Hurricanes famously strike the Southern seaboard of the United States, but they can also reach as far north as New England. In 1938 a 120-m.p.h. hurricane slammed into New York, Connecticut, Massachusetts, Vermont and Rhode Island. 700 people were killed and 63,000 were instantly homeless in what is widely considered one of the worst storms of the last century. The hurricane created forceful two-story waves that flooded urban areas in New York and beyond.

A National Tragedy: Hurricane Katrina

(Images via Killed That, About.com, Biggest Tsunami, Geology.com, Why Files and Dismal World)

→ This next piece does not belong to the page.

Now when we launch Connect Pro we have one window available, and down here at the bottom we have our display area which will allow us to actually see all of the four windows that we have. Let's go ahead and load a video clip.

The tragedy was unspeakable; the initial response was shameful. A combination of a lack of preparedness – despite warnings – and a lack of adequate response in the face of one of the most powerful hurricanes in U.S. history created an epic disaster that many critics argued became the defining failure of the Bush Administration and the federal government. Tens of thousands were displaced, injured and homeless; thousands still live in temporary housing provided by FEMA. What made Category 5 Katrina so devastating was not only its blunt wind force (175 mph winds) – it was the hurricane combined with the massive waves that caused the levee breach.

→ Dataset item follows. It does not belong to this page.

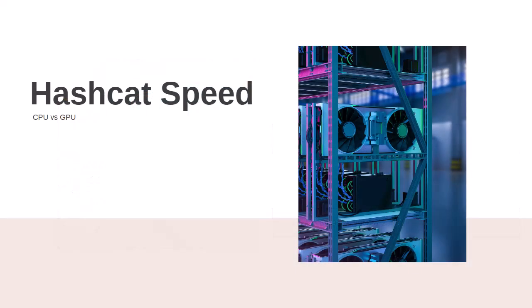But there is a crucial factor we need to address, which is the speed of Hashcat. How quickly Hashcat cracks a hash depends on the power of your computer, specifically your central processing unit or CPU, and your graphic processing unit, which is called a GPU.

Much of the city was flooded beyond all repair or hope of habitation. As 20,000 agonized without sufficient supplies in the Superdome and another 30,000 tried to escape the city, stifling heat and putrid conditions turned New Orleans into a shocking story of government neglect. According to Popular Mechanics, “The city they left behind had been nearly wiped off the map, but Hurricane Katrina affected 90,000 square miles in Louisiana, Mississippi and Alabama. Well over 1300 people were killed across the region, and bodies were still turning up in condemned homes eight months later. The financial tally as of July 2007 was approaching $200 billion; some predict it will top $300 billion after all the checks are written.” The nation was horrified at the management of the disaster and an outpouring of aid and celebrity involvement continues well into 2008.

Hurricanes from Above

(Images via Boston.com)

Going through the experience of a hurricane is terrifying – and in some tragic cases, deadly. Seen from above, however, hurricanes appear surreal, almost protective. The contrast is nothing short of unsettling. These are images of Hurricane Ike, Hurricane Gordon and Hurricane Ivan.

Tornadoes Caught on Film

(Image via mediaright)

Tornadoes are both terrifying and captivating. They are the products of thunderstorms and their whirling vortexes frequently reach up to 300 mph. As residents of the notorious Midwest’s Tornado Alley know, tornadoes can pop up suddenly and without much warning. In many tornado-prone areas residents have tornado shelters they can retreat to in the sudden event of a tornado. The following videos show incredible close-up moments.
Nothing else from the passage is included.